The code in this module uses FFI, which we have already covered in earlier articles of this series. It should not be too difficult to follow.

🪟 Windows output:

Shaped text glyph information:
Glyph ID: 46, Cluster: 0, X Advance: 1366, Y Advance: 0, X Offset: 0, Y Offset: 0
Glyph ID: 2985, Cluster: 1, X Advance: 1024, Y Advance: 0, X Offset: 0, Y Offset: 0
...omitted 27 entries...
Glyph ID: 68, Cluster: 41, X Advance: 1139, Y Advance: 0, X Offset: 0, Y Offset: 0
Glyph ID: 17, Cluster: 42, X Advance: 569, Y Advance: 0, X Offset: 0, Y Offset: 0

🐧 Ubuntu output:

Shaped text glyph information:
Glyph ID: 44, Cluster: 0, X Advance: 621, Y Advance: 0, X Offset: 0, Y Offset: 0
Glyph ID: 460, Cluster: 1, X Advance: 521, Y Advance: 0, X Offset: 0, Y Offset: 0
...omitted 27 entries...
Glyph ID: 66, Cluster: 41, X Advance: 563, Y Advance: 0, X Offset: 0, Y Offset: 0
Glyph ID: 15, Cluster: 42, X Advance: 278, Y Advance: 0, X Offset: 0, Y Offset: 0

This exploration of HarfBuzz shaping prepares us for the next step: measuring line widths and understanding how shaped glyph advances translate into text layout.

⓷ pdf_02/src/main_line_width.rs—This module is a refactored version of main_harfbuzz_text_shape.rs, incorporating the total width calculation implemented in main_rustybuzz.rs.

🪟 Windows output:

"Kỷ độ Long Tuyền đới nguyệt ma." in 12 pt C:/Windows/Fonts/arialuni.ttf is 179.45 pt wide

🐧 Ubuntu output:

"Kỷ độ Long Tuyền đới nguyệt ma." in 12 pt /home/behai/Noto_Sans_TC/NotoSansTC-Regular.ttf is 183.94 pt wide

🙏 Please note that the output matches exactly that of main_rustybuzz.rs.

This alignment confirms that our HarfBuzz-based implementation produces consistent results with the Rustybuzz example, and it sets the stage for the next module, where we move from measuring line widths to laying out entire lines of text.

⓸ pdf_02/src/main_text_layout.rs—We extend the code discussed in main_line_width.rs to implement the simple line breaking algorithm described in the Text Layout Overview section.
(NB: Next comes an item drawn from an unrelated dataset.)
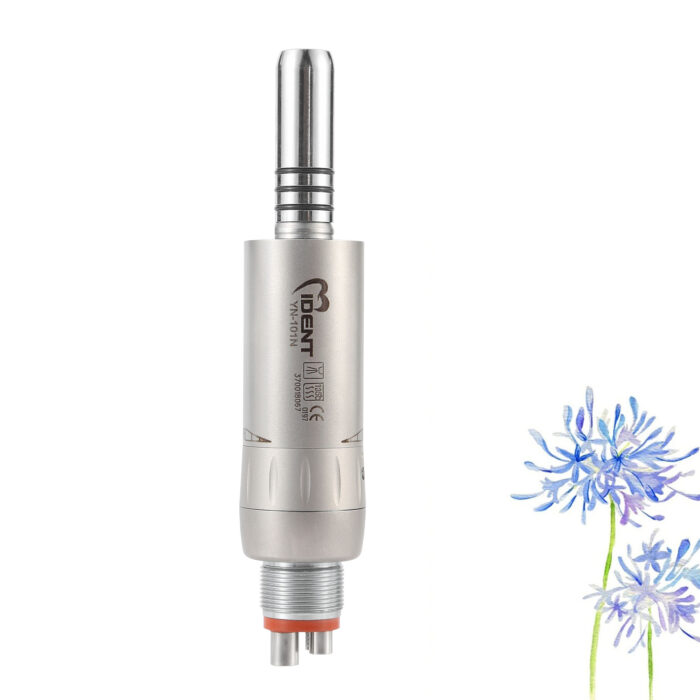 Inner water low speed handpiece set M205S 1:1 contra angle non-optic connect 2/4 holes dental chair - Image 5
We note the following:

⑴ The helper function width_in_point() is responsible for calculating the space required, in PostScript points, to draw all glyphs for words (morphemes) in the text.

⑵ The main() function is responsible for two main tasks:

Constructing the (token, PostScript width) vector discussed in the Text Layout Overview section. Please refer to lines 80 to 133.
Assembling the token entries in the (token, PostScript width) vector into lines that fit the given page width, also discussed in the Text Layout Overview section. This is from lines 135 to 159.

👉 Please note that the test text is only a single paragraph, and in the code we implicitly assumed this: we do not break the text into individual paragraphs using the \n newline character first.

⑶ In the main() function, please also note the variable space_width_in_pt in lines 115 to 116, and later its usage in line 144—if current_width + width + space_width_in_pt > a4_width {, and then in lines 150 to 151: current_line.push(' '); and current_width += width + space_width_in_pt;.

This makes sense: words (morphemes) are separated by spaces, and a space occupies width as well. We must therefore allocate horizontal width for them.

⑷ The two variables margin and a4_width in lines 136 to 137 are simplified hardcoded literal values of the geometries discussed in the A4 Page Geometry section.

🪟 Windows output:

Lịch sử Việt Nam từ năm 1945 đến nay, còn nhiều bí ẩn chưa được giải tỏa. Người bàng
...11 lines are omitted...
công cuộc phát triển cách mạng của họ sẽ dẫn đến 2 trường hợp:

🐧 Ubuntu output:

Lịch sử Việt Nam từ năm 1945 đến nay, còn nhiều bí ẩn chưa được giải tỏa. Người bàng
...12 lines are omitted...
hợp:

The differences in the two outputs are expected, since two different font programs are in use. The space requirements for glyphs differ accordingly.

This module demonstrates how shaped glyph widths can be assembled into full lines, bringing us closer to complete page layout in the next stage.

❻ The Article Main Code

💡 It should be clear that this code requires the HarfBuzz library.
🐧 On Ubuntu, all required libraries are globally recognized. 🪟 On Windows, I haven’t added the paths for harfbuzz.dll, harfbuzz-subset.dll, and their dependencies to the PATH environment variable. In each new Windows terminal session, I run the following once:

set PATH=C:\PF\harfbuzz\dist\bin\;%PATH%
set PATH=C:\PF\vcpkg\installed\x64-windows\bin\;%PATH%

Alternatively, you can simply run set_env.bat.
After that, cargo run works as expected.

🦀 To keep things simple, we use absolute paths for the font programs—
You will likely need to adjust the code to match your own system configuration.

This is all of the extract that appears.